By 1835, sometime after the transfer of Lintown to The Charter school premises, the curriculum included the three R’s with weaving almost an afterthought. This trend continued through the 19th century so the intention of the founders was not being carried out. The school gave neither training in weaving nor did it confine itself to Catholic pupils. When the school was in Lintown the emphasis was on weaving , this work so effected the boys fingers they found it difficult to write. In the Pococke school more emphasis was put on the educational side that in a few years weaving was phased out altogether.

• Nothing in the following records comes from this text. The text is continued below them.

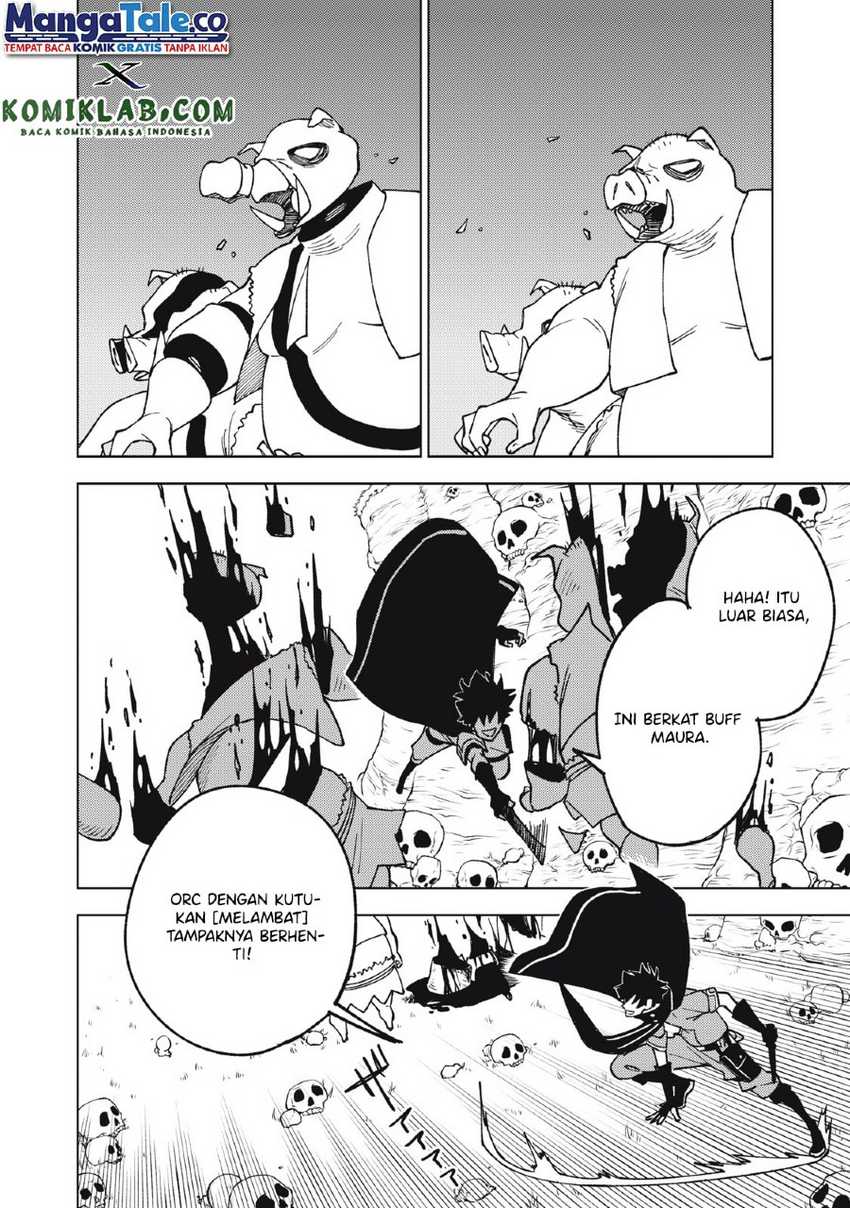 S-Rank Party kara Kaiko sareta "Jugushi": "Noroi no Item" shika Tsukuremasen ga, Sono Seinou wa Artifact-kyuu nari......! Chapter 7 - halaman 20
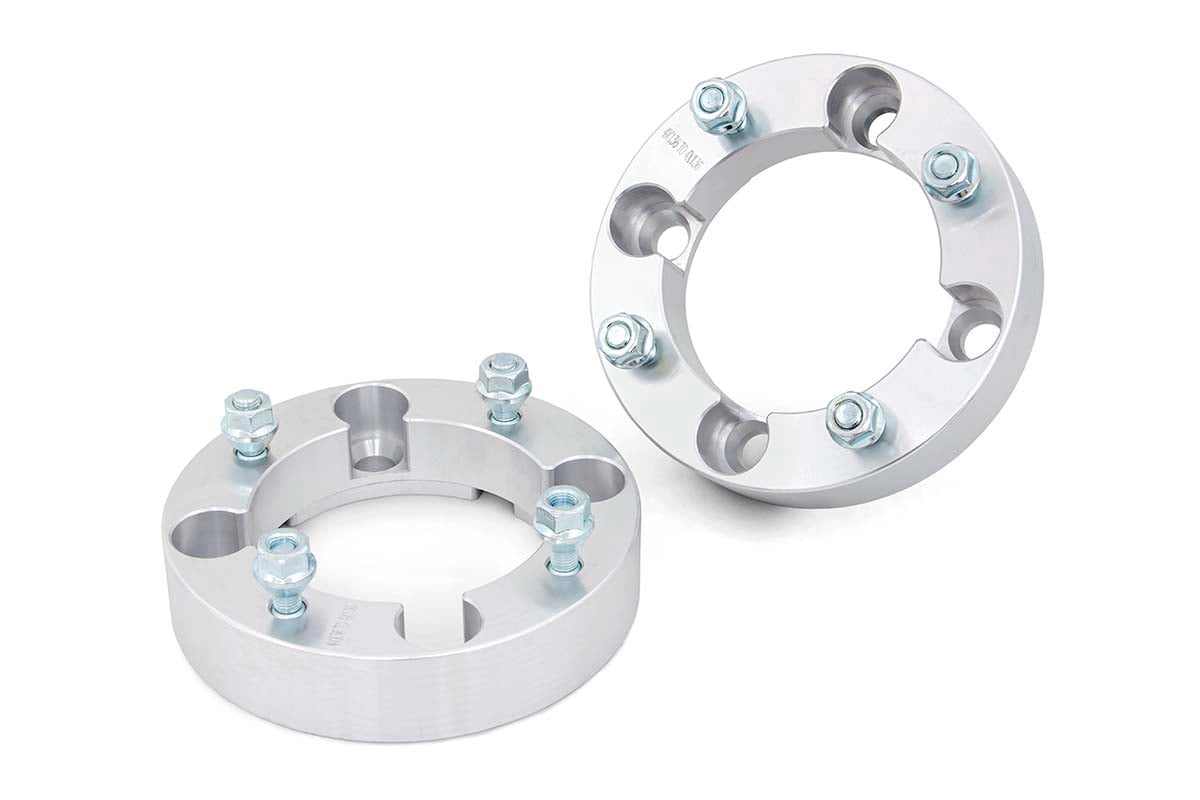 1.5 Inch Wheel Spacers for Honda Pioneer 1000 - 4x136 Bolt Pattern (Part #10095) - Improve Off-Road Stability & Traction for ATV/UTV Adventures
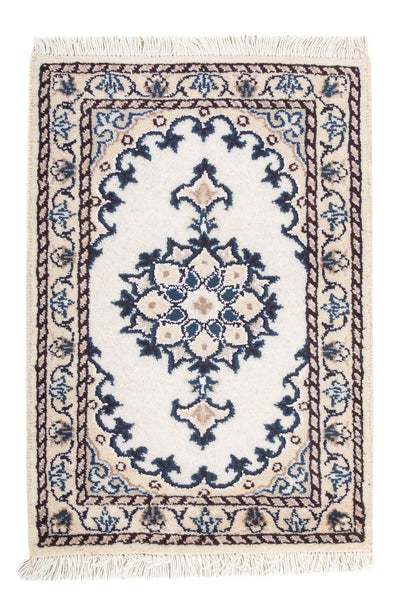 Nain - 12La Teppich 40x60cm - Perserteppich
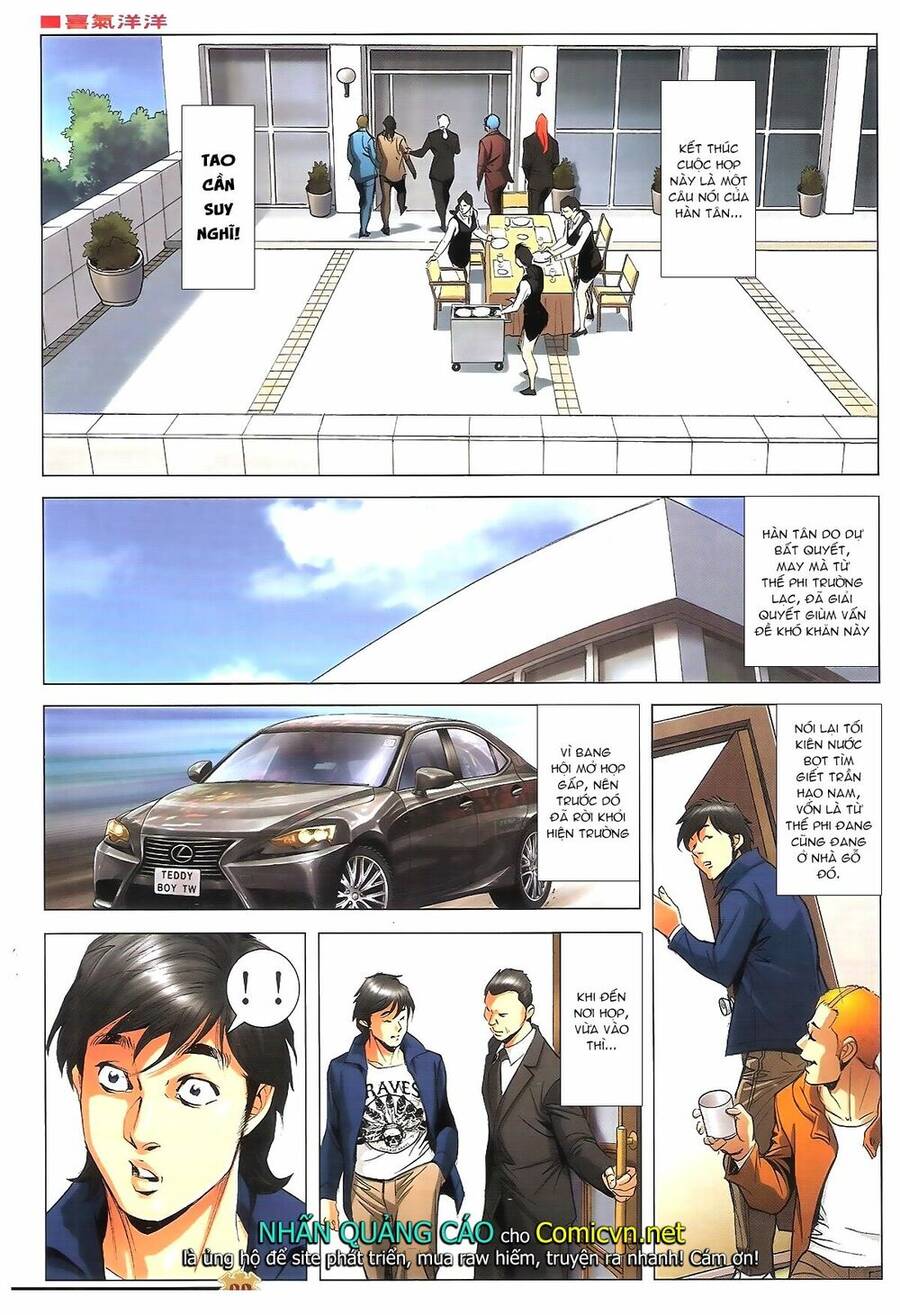 Người Trong Giang Hồ - Chương 1792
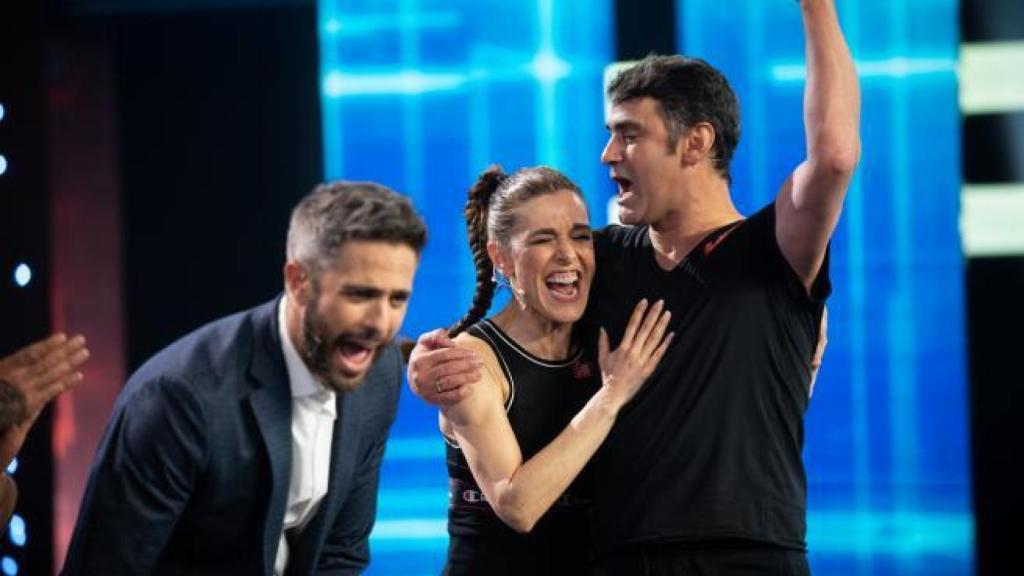 Jesulín gana la segunda entrega de 'El Desafío 2' tras confesar en televisión mayor miedo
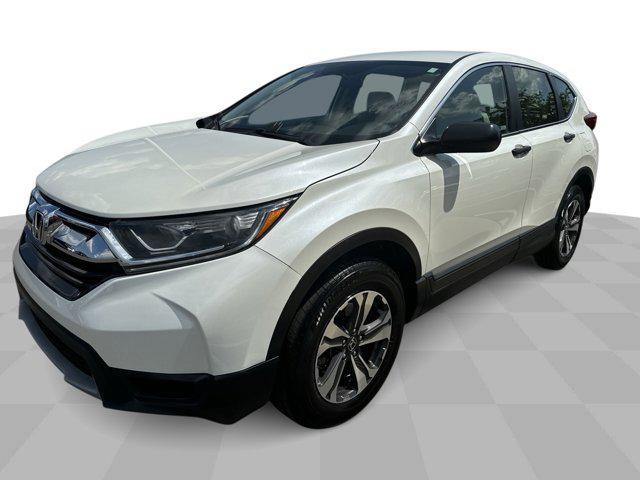2018 honda cr-v lx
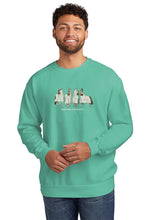 Load image into Gallery viewer, Ghost- Comfort Colors- Crewneck Sweatshirt
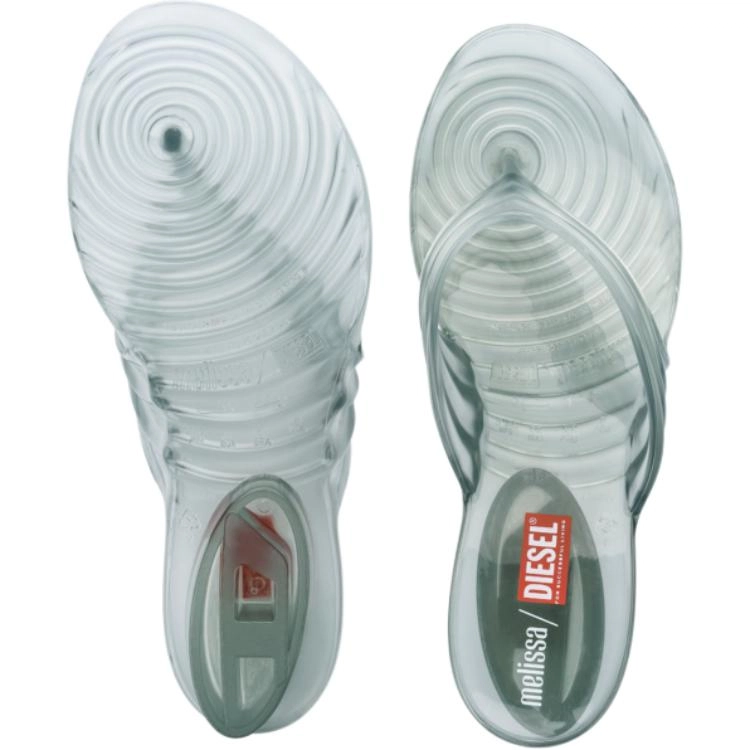 DIESEL x MELISSA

In 1887, the Endowed Schools Commission held an inquiry into the affairs of schools in Kilkenny. At that time Dr. Brownrigg put forward a case for St. Kieran’s College, stating the Pococke Endowment should be made available to Catholic boys. The funds were not being availed of as the original intention to teach Catholic boys a trade that they might gain a livelihood. Although Brownrigg’s claim was recognised the ultimate decision was to settle as near as possible to the intention of the founder. St. Kierans College got nothing and for some time the Pocoke school was classed as one of the Protestant foundation. Early in the 20th Century the Pococke school merged with Kilkenny College. Today the Pococke school building is a private residence.